At this point, DC1 and DC2 have the same ingress-ca
secrets. Next, copy the
encryption keys for the Management and Portal subsystems from DC1 to DC2.
-
Copy the encryption key for the Management subsystem to DC2 by completing the following
steps:
-
On DC1, copy the management encryption key:
- Get the name of the management encryption key by running the following command:
$ kubectl -n namespace get mgmt -o yaml|grep enc
The
response looks like the following
example:
encryptionSecret: dallas-enc-key
Make a note of the secret name
for the next step.
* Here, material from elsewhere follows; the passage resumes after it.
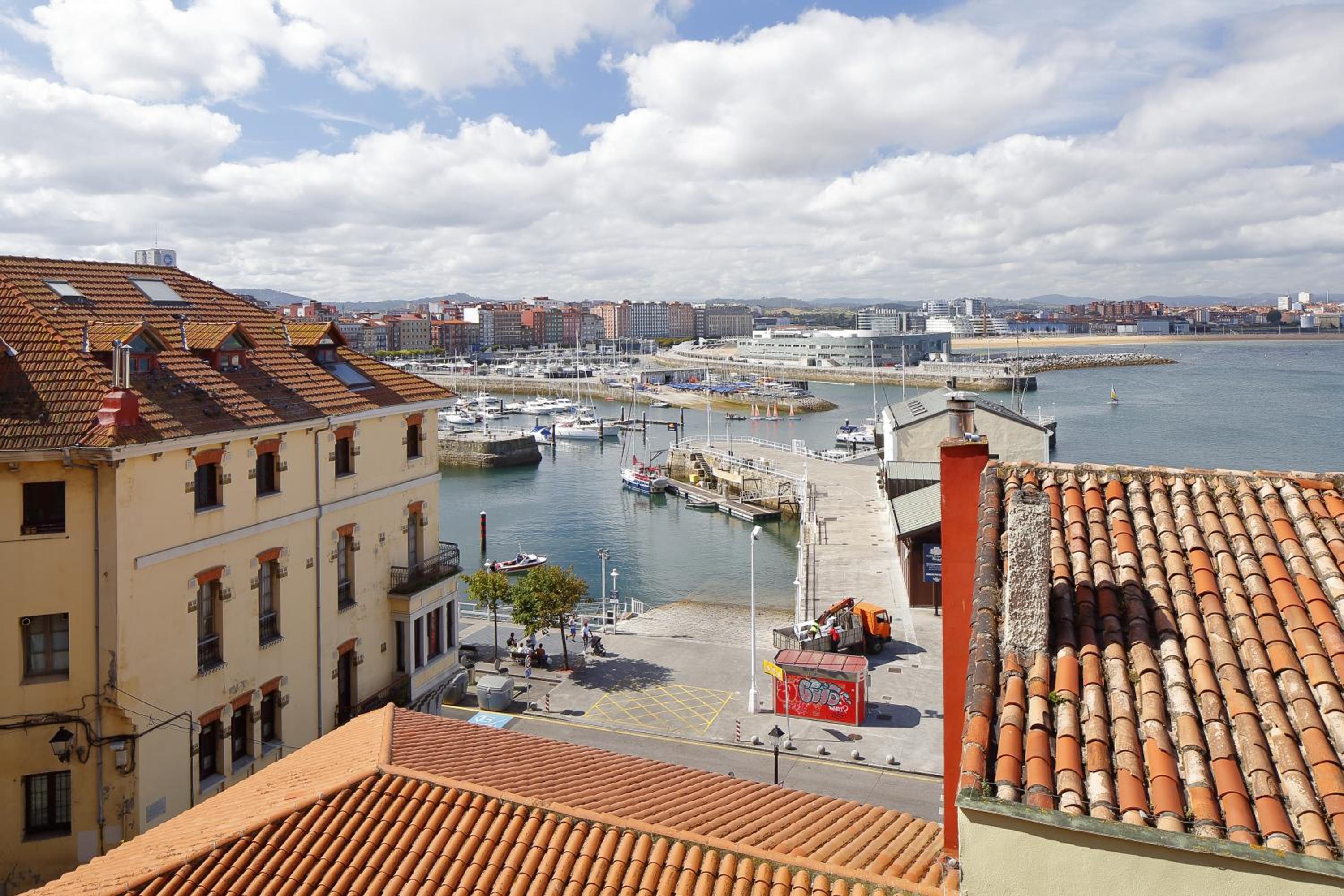 Puerto Deportivo Cimadevilla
In the example, the key's name is dallas-enc-key
.
- Retrieve the secret from the encryption key by running the following command (substitute in the
name of the key from the previous step):
kubectl get secret dallas-enc-key -o yaml
The output
looks like the following
example:
apiVersion: v1
data:
encryption_secret.bin: VKBNFj7sAOizxvE1H6i+9P31oJHvWWsO+x***********************************EGe/K+x6b3D7FEWGgoyGlWBUJKB4+T21My2iR5rBTovpyLiY5g********************************************tSiRcQKegMPNBPgL829SVBCxuv3I=
kind: Secret
metadata:
creationTimestamp: "2020-08-28T12:53:41Z"
labels:
app.kubernetes.io/instance: m1
app.kubernetes.io/managed-by: ibm-apiconnect
app.kubernetes.io/name: dallas-enc-key
name: dallas-enc-key
namespace: default
resourceVersion: "43039"
selfLink: /api/v1/namespaces/default/secrets/m1-enc-key
uid: 46c92395-9cc2-4421-b2c4-48e472c0cbb1
type: Opaque
- Copy the output and save it in a YAML file; for example
dc1-enc-key.yaml.
- Edit the file and make the following changes:
- Delete the contents of the
metadata:
section (retain the section).
- In the
metadata:
section, add in a name:
attribute, with
dc1-enc-key
as the value.
The following example shows the updated
file:
apiVersion: v1
data:
encryption_secret.bin: VKBNFj7sAOizxvE1H6i+9P31oJHvWWsO+x***********************************EGe/K+x6b3D7FEWGgoyGlWBUJKB4+T21My2iR5rBTovpyLiY5g********************************************tSiRcQKegMPNBPgL829SVBCxuv3I=
kind: Secret
metadata:
name: dc1-enc-key
type: Opaque
- Copy the updated file (dc1-enc-key.yaml) to the /tmp
folder on DC2.
-
On DC2, run the following command to create a secret from the encryption key file
(dc1-enc-key.yaml) that you copied from DC1:
$ kubectl -n namespace create -f /tmp/dc1-enc-key.yaml
The response looks like the following example:
secret/dc1-enc-key created
-
Update the encryption key for the Portal subsystem on DC1 and then copy it to DC2 as explained
in Changing the secret for Portal data and system tools.